**Provided entries:**
=======
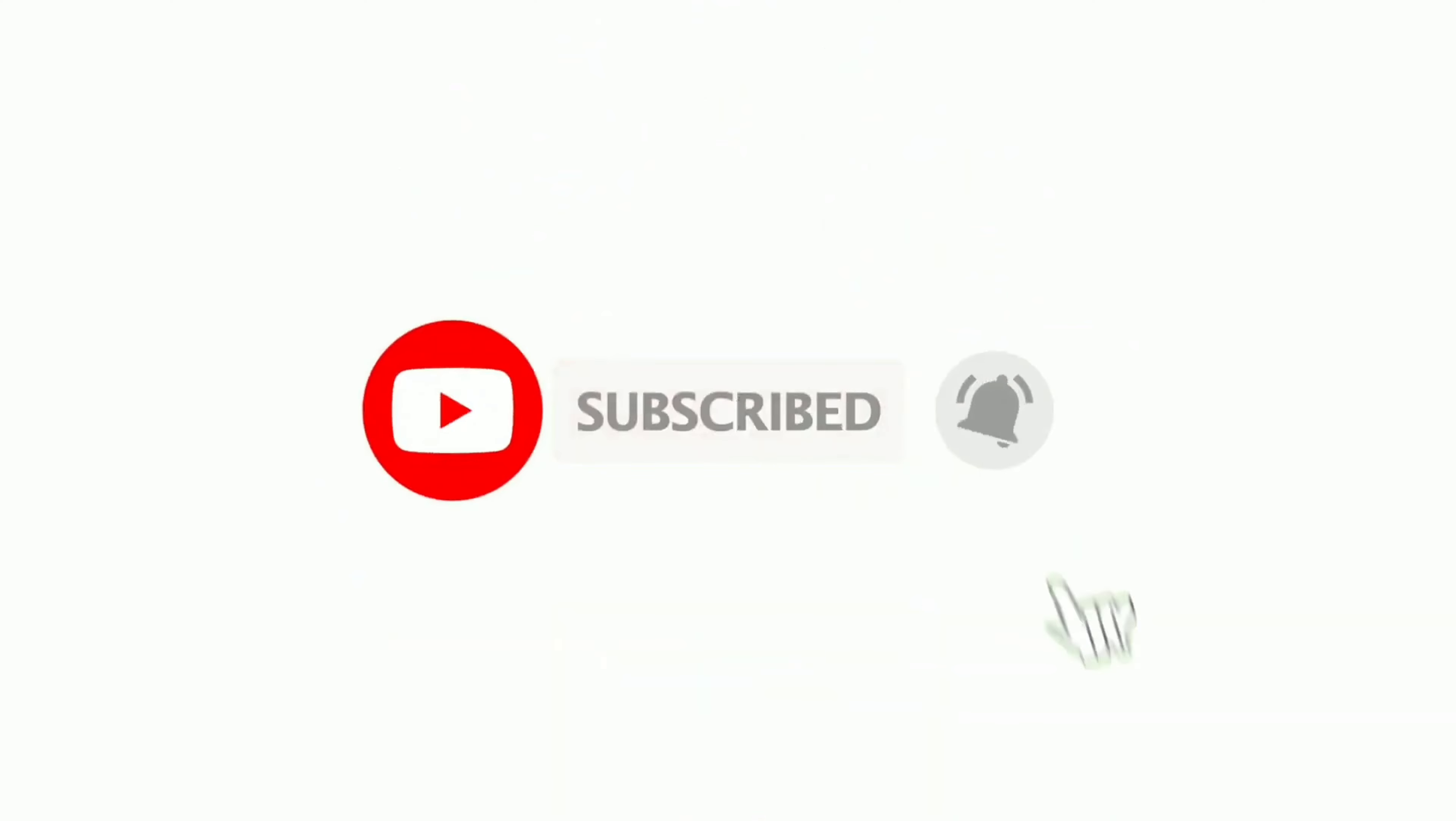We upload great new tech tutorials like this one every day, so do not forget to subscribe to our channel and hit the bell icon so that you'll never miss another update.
=======
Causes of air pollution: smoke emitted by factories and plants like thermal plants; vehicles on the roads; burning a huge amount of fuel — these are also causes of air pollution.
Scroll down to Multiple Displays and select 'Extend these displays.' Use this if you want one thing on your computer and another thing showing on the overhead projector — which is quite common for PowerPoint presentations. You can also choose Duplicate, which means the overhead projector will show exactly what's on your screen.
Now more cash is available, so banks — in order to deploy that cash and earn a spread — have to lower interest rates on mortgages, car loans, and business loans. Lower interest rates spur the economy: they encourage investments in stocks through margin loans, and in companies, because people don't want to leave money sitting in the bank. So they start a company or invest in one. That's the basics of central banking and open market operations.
=======
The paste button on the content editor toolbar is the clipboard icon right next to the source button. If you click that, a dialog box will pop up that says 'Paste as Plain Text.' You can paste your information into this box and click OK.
=======
**Problem statement:** Go through the listing above and return each line that includes the word "will".

**Reply to the task:**
Scroll down to Multiple Displays and select 'Extend these displays.' Use this if you want one thing on your computer and another thing showing on the overhead projector — which is quite common for PowerPoint presentations. You can also choose Duplicate, which means the overhead projector will show exactly what's on your screen.
The paste button on the content editor toolbar is the clipboard icon right next to the source button. If you click that, a dialog box will pop up that says 'Paste as Plain Text.' You can paste your information into this box and click OK.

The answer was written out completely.